Summary
The speaker begins by explaining that, as her childhood ends, a landscape of houses gives way to one of sports fields, factories, and garden plots which sit like men's mistresses awaiting their return. It is here that she first sees the wolf, who is in a clearing reading his own poetry and holding a paperback. His fur is stained with red wine and his eyes, ears, and teeth are huge. He catches sight of the speaker, a childlike sixteen-year-old. Responding to readers who might wonder why she followed the wolf, the speaker says that he seemed to offer a path to a more interesting, complex, experienced adult realm she craved. She followed the wolf into the woods, her clothes shredding on branches, like clues to a murder.
Analysis
It's clear early in this work that the poem is an extended allusion to the fairytale "Little Red Riding Hood," or, as it is called in some versions, "Little Red Cap." By using that familiar tale as a jumping-off point through which to discuss a predatory relationship, Duffy effectively accomplishes several goals. Firstly, she evokes some of the archetypal menace of a fairytale. Any trace of the modern world's mundanity is replaced by a world of dark woods and wolves. After all, many folkloric versions of the "Little Red Cap" tale are full of violence and threat. At the same time, by mentioning a story usually associated with childhood, Duffy emphasizes her speaker's young age and creates an ironic juxtaposition with the poem's gritty content.
As much as the wolf is threatening, Duffy also portrays him as faintly ridiculous. He reads his own poetry to himself, and he is stained with wine, suggesting drunkenness or at least uncleanliness. Yet the speaker goes with him, which she herself acknowledges is a surprising choice. She implicitly attributes the wolf's appeal to two related forces: his masculinity and his adulthood. Both of these states are suggested through references to the wolf's beard, his hairiness, and his size. Even his literary interests, in these contexts, appear intriguing and intelligent. Meanwhile, for the speaker, the wolf promises escape from an alienating and confusing situation. Duffy's literal scene-setting doubles as a metaphorical description of the speaker's psychological state. Having left childhood, symbolized by the now-disappeared houses, the speaker finds herself in an uninviting industrial landscape. The wolf at the very least offers an escape from the limbo of adolescence. While the landscape of factories is curiously desolate and depopulated, the wolf provides companionship and attention. Moreover, Duffy's comparison of the landscape's buildings to mistresses suggests that the speaker already lives in a world imbued with sexual conflict and gendered power dynamics. In other words, the wolf seems no worse than anything the speaker is already experiencing.

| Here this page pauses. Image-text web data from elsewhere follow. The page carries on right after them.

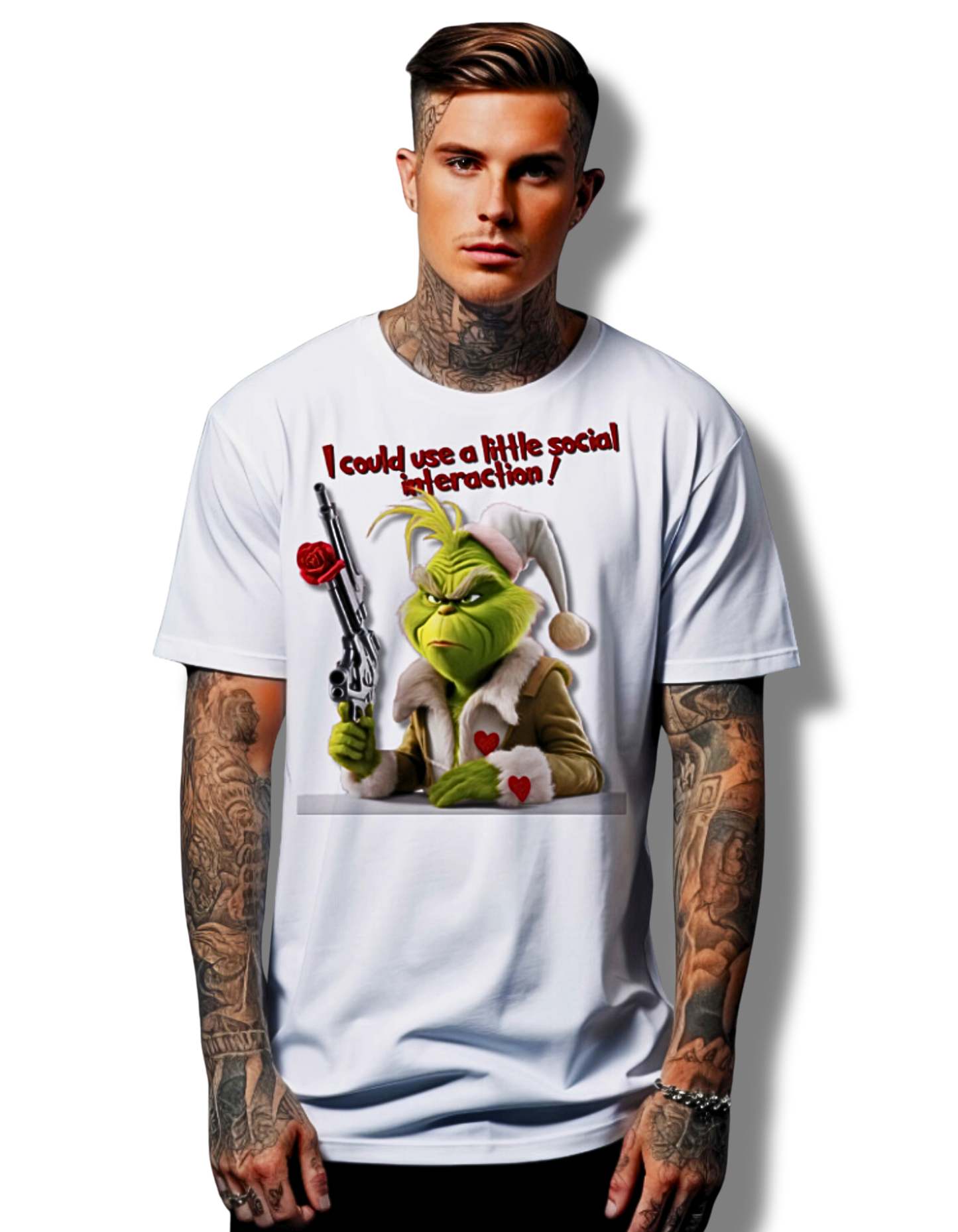 The Grinch Valentine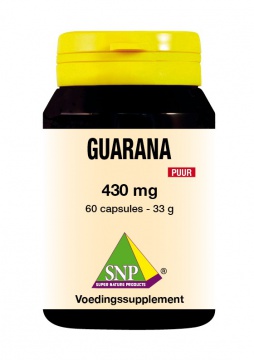 Guarana Puur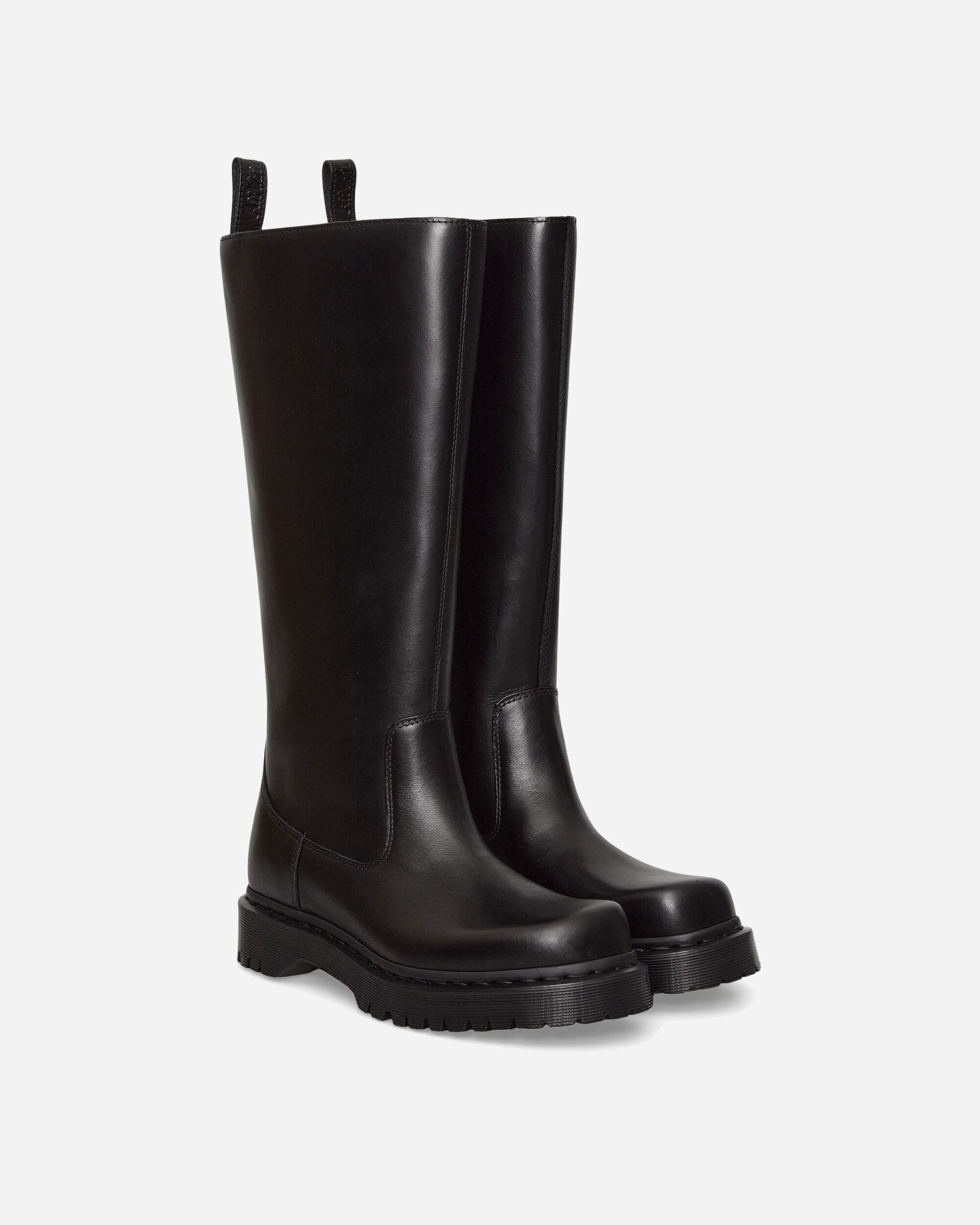 Women's Rejena Hi Old Harness Leather Boots Black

Even while we are led to empathize with rather than judge the speaker's choice, Duffy heavily foreshadows the wolf's dangerousness. She does so partly by drawing on readers' preexisting knowledge of the Little Red Riding Hood tale, as well as by emphasizing the wolf's size and strength compared to the "waif"-like speaker. Figurative language adds to this foreshadowing, most explicitly the mention of "murder clues."